Your leader fails to recognize high–performing internal talent. I once spoke with a client who told me that his company’s greatest asset was “the people within the four walls.” He said, “My job is to make sure that they come back the next morning.” His revelation made a lot of sense to me. Without high-performing employees who wake up every day eager to elevate your organization’s mission, an organization can easily crumble. Being able to recognize passion and enthusiasm in people, and making sure that their “greatest assets” come back to work the next day ready to deliver their best are overlooked leadership qualities that boards should pay more attention to. Rising stars in an organization must be developed, managed, and supported in their roles. They must also feel and know that they are appreciated, otherwise they may take their talents elsewhere. Leaders need to recognize when passion is coupled with ability and then create the last ingredient: opportunity. If a CEO doesn’t provide opportunity to high potentials, they’re failing the staff and putting the organization at risk to losing good talent.
Your leader dismisses important workplace dynamics, trends and employee needs. In addition to not recognizing promising talent, organizations can also lose key employees if they are not aware of workplace trends and their employees’ pressing needs. The Nonprofit Times 2016 “Best Nonprofits To Work For” report outlined some of the key drivers beyond salary and compensation that attracts talent to an organization, including employee recognition, having confidence in the leadership, and having the right equipment, technology and resources to the job well. Flexible work schedules, tuition assistance, working remotely (with technology), paid maternity leave and leadership development programs have also been cited in numerous reports, especially those involving millennial talent. These perks don’t necessarily mean employees are working less; in some instances, we see them working more-only they are working more efficiently and effectively in a way that benefits both themselves and their employers. If leaders refuse to embrace this change in climate, they will lose out on sizable portions of talented younger executives because they’re holding on to old notions of what work used to be.
Your CEO was your leader of yesterday, but is not your leader of tomorrow. Sometimes executives are brought into organizations to fix problems, but they may not be able to run the organization effectively once those problems have been fixed because that’s not their interest or their strengths. Other times, they may fix one or two issues, only to find that there are other problems that they are not prepared to take on. If your organization is going through a maturing process or has become a much more complex entity, you need to think about your nonprofit’s current situation and what its next steps should be to achieve growth and relevance today, tomorrow and years to come.

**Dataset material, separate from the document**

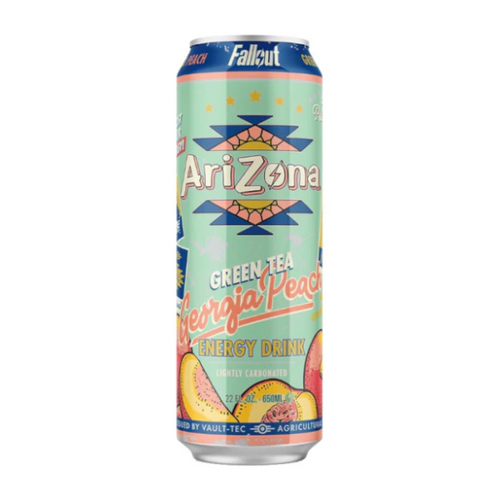 Arizona Green Tea Georgia Peach Energy Drink Big Can 12 x 650ml (22fl.oz) image 0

It would be unfair to put an organization’s troubles solely on shoulders of a CEO when it’s the entire leadership’s responsibility to ensure that the organization is successful. Boards must also understand that leaders are never going to know all of the answers all the time and that there is no such thing as a perfect leader.
While there are many factors that may suggest that you may need to start thinking about new leadership, it’s ultimately up to your board to determine how these issues are affecting your bottom line. It’s a difficult, but necessary conversation that too many boards put off until it’s too late. Boards should instead be open and honest about their expectations and future goals so their CEOs are not blind sighted by the need for change. Comparably, CEOs must not hide the fact that they no longer have the capacity to lead, and recognize that having self-awareness of their incapacity is a fundamental part of successful succession planning.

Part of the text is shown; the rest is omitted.